Captain Pedrozo (USN, Ret.) is an Associate Professor at the Naval War College's International Law Department in the Center for Naval Warfare Studies (email: firstname.lastname@example.org). Previously, he was the Staff Judge Advocate for Commander, US Pacific Command. He has also served as a Special Assistant to the Under Secretary of Defense for Policy and as the head of the Navy's International and Operational Law Division. This paper was completed on 8 December 2009. Unless otherwise stated, the websites referenced were last accessed on the date that the article was completed
Raul (Pete) Pedrozo; Preserving Navigational Rights and Freedoms: The Right to Conduct Military Activities in China's Exclusive Economic Zone. Chinese Journal of International Law 2010; 9 (1): 9-29. doi: 10.1093/chinesejil/jmq007
China's views on coastal State authority in the exclusive economic zone (EEZ) are not supported by State practice, the negotiating history of the United Nations Convention on the Law of the Sea (UNCLOS), or a plain reading of Part V of the Convention. All nations may legitimately engage in military activities in foreign EEZs without prior notice to, or consent of, the coastal State concerned.
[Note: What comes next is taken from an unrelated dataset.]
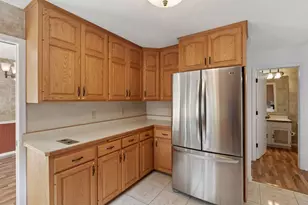 6228 Sandpiper Ct, Edina, MN 55436 - Photo 19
Efforts were made during the negotiations of UNCLOS to broaden coastal State rights and jurisdiction in the EEZ to include security interests. However, the Conference rejected these efforts and the final text of the Convention (Article 58) ultimately preserved high seas freedoms of navigation and overflight and other internationally lawful uses of the seas related to those freedoms, to include military activities, in the EEZ.